Home Adult entertainment Letters: after the death of David Amess, civility in politics is more vital than ever | Politics

Letters: after the death of David Amess, civility in politics is more vital than ever | Politics


IIt was refreshing to read Alison McGovern’s article, but I’m afraid it was almost too subtle. respect ”, Commentary). How can parliament expect the public to be courteous when it promotes extreme views, insults, drowns the Speaker of the House of Commons, etc. ?

The government encourages extremism by using terms like “traitors” for anyone who disagrees and by failing to correct a press that calls the Supreme Court “an enemy of the people.” The work of the Court is a model of reasoned debate that Parliament may well adopt.

The bullying tactics and foul language of Dominic Cummings or Alastair Campbell can only be permitted by the encouragement or assent of their political masters in the pursuit of power.

Until parliament adopts a real measure of civility and comity, it cannot expect to be freed from extremists. He should pull the straw out of his own eye. Such a change in attitude would be a lasting and meaningful legacy for Jo Cox and Sir David Amess.
David Cannage
Earley reading

I read with interest your editorial (“This sinister act comes amid a toxic change in our politics”) and with the gruesome murder of Sir David Amess, could this indeed be a turning point for gentler politics? and more consensual?

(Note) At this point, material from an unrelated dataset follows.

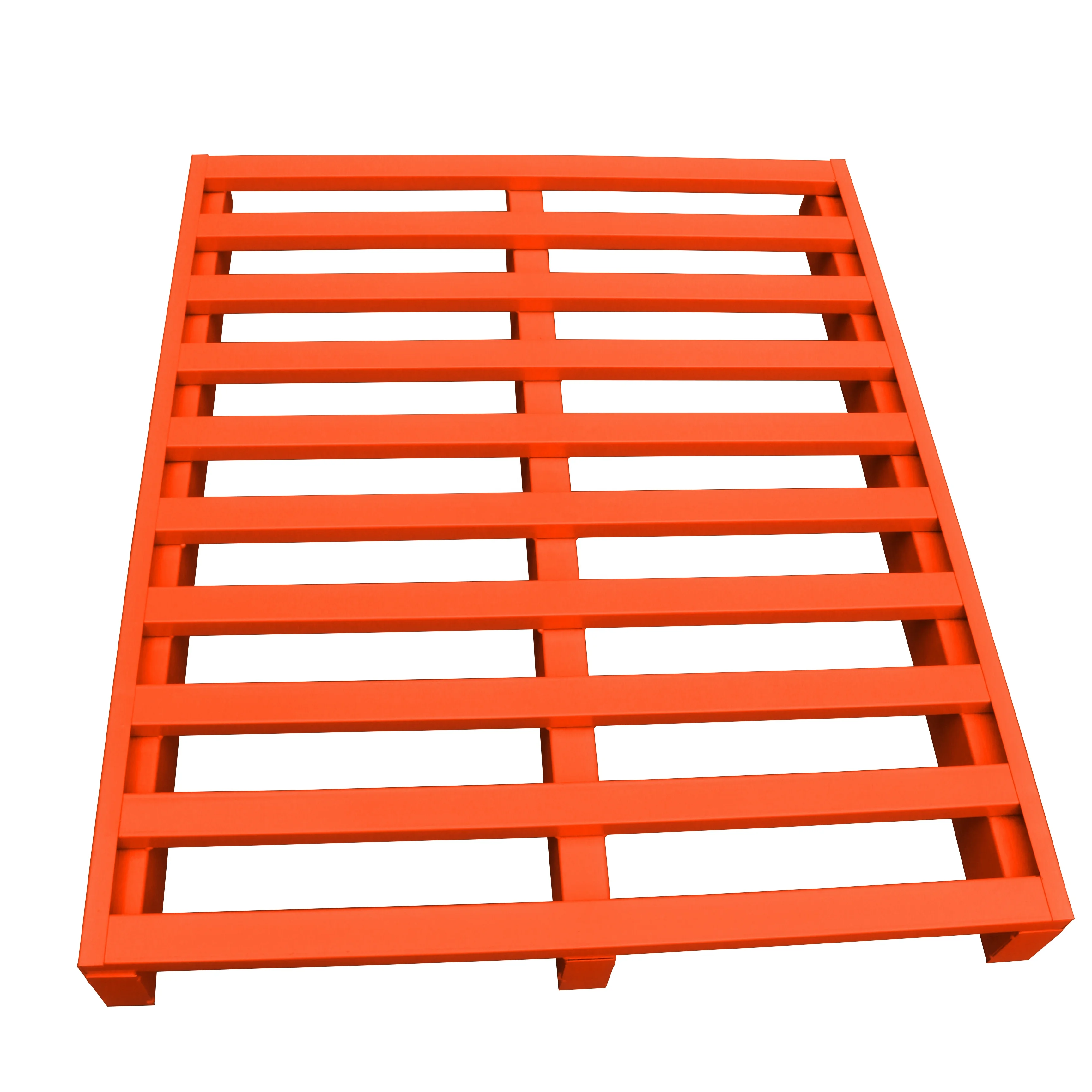 Steel pallet logistic storage two sided galvanized reusable metal shipping forklift factory iron pallets sheet metal pallet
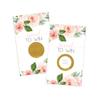 Graceful Floral Bridal Shower Scratch-Off Game Cards: 30 Pack for Wedding Engagement Party, Blush and Gold view 1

It is disastrous that our MPs face security concerns when they organize surgeries, but they are to be congratulated that the majority do not want to close the hatches and put an end to this very important and democratic transaction between them and their constituents. .

The House of Commons tribute to Sir David was a masterpiece of warmth, friendship and humor from all parties. It was also noted that at PMQs Sir Keir Starmer reflected on this consensual way of doing politics without harsh, loud and counterproductive rhetoric. I feel the public is fed up, social media is feeding off its toxicity and the Prime Minister needs to understand that warm words are not enough.
Judith A Daniels
Cobholm, Great Yarmouth, Norfolk

The labor trust problem

It is depressing to hear again that the public does not trust Labor for the nation’s finances (“Starmer attacks on austerity do not touch home, report says”, News).

Over the past four decades, there is no evidence that Labor has been worse with deficits and debt than the Tories. Recessions lead to less economic activity, less tax revenue and pressure on the social security budget.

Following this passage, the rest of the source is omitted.